Yo que amé tus maremotos en un vaso,/ que guardé como un tesoro el llanto falso,/
ahora mismo pongo fuego a lo que escondo/ y me marcho mientras arde tu retrato."/ R.B.
 

Y uno más de Poemas para niños, ya para terminar un "shot". Niño, llora para que tus papás te compren mi libro

Fosfórico
el sitio que hiela

dúctil
para el aceite
viajando por la aguja

En el brazo
la hermanita nerviosa
late

turbia de tentación
por quien respiro

10:03 AM
 

Y otro de Poemas para niños; a estos poemas los llamé "cubos con círculo musical por dentro"

Los oscuros cristales
del pensamiento

incrústalos
sobre piel de cordero

lábralos
hasta formar vitrales
(espejos)

Observa
a golpe de cincel:

encuéntrate

9:58 AM
 

Bien, celebro 10 años de la aparición de mi primer libro: Poemas para niños) que publicó El Tucán de Virginia, por lo tanto posteo uno de sus hermosos poemas aquí:

En coma
el corazón de fuego

yace

duerme
mientras el buitre ronda
las rondas de su infancia

desde la abertura
el corazón azoma:

su lumbre es-carne
es: torva

9:45 AM
 

Ayer salí con Gustavo y no sé por qué estuvimos hablando de las crísis de la edad (supongo que por mi edad). Caí en lo que siempre caigo: vivo las crísis de la edad antes de llegar a la edad, me anticipo a las crísis.

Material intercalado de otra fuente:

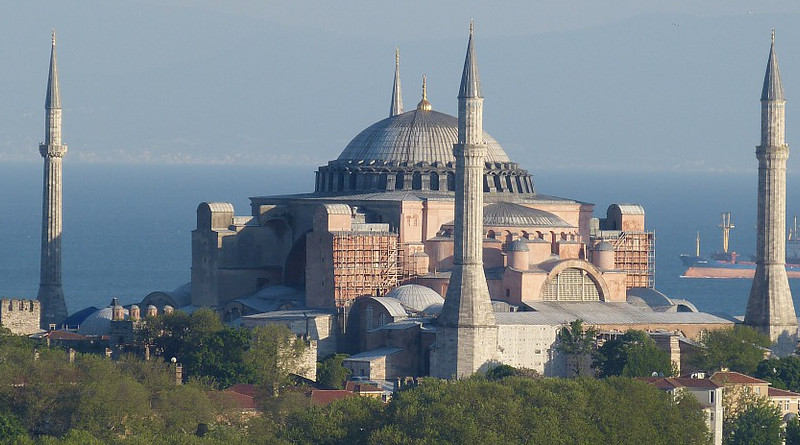 Mosque Hagia Sophia Istanbul Turkey Bosphorus Sea Outlook View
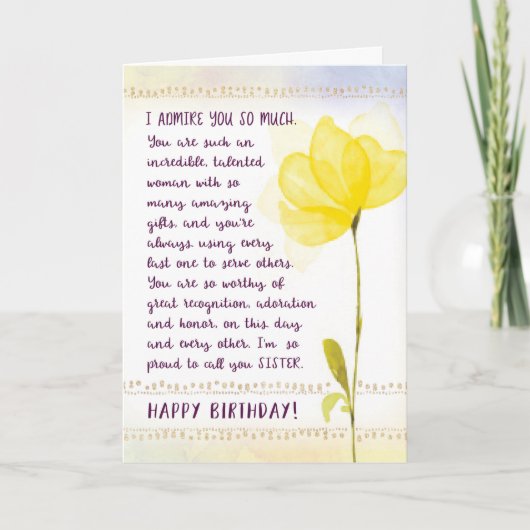シスター誕生日、私は非常に賞賛する カード (正面)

Primero llega la crísis y luego la edad. Cuando la edad llega entonces me doy cuenta que realmente no tengo nada que añorar de la edad que pasó y que está a toda madre la edad, la experiencia, la seguridad y la autosuficiencia ¿? ¿entonces para qué la crísis? Soy una persona crisósa. Sólo quien vive la crísis sabe lo que es la crísis: no la crísis económica, ni la social. Sino un deseo de "soltar amarras" como dice Juan Manuel. Lo que con la edad he abandonado es esa forma fácil de dejar todo. Siempre me ha enloquecido de alegría dejar todo e irme. Siempre lo he hecho pero cada día me resulta más difícil. ¿Me estoy arraigando? Pero no se trata de dejar un lugar (nunca he querido dejar esta frontera, salvo una vez pero no sabía lo que hacía). Se trata de dejar costumbres, responsabilidades, amigos, mascotas, casa, identidad. Salir a la calle y platicar con la primera persona que salude, sin conocerla, y volver a los túneles de otros. Entrar en la vida de los desconocidos, visitar sus casas, oír su música, abrir su refrigerador. Sé que suena romántico pero nunca me he conformado con la idea de convertirme en "alguien" conforme envejezco.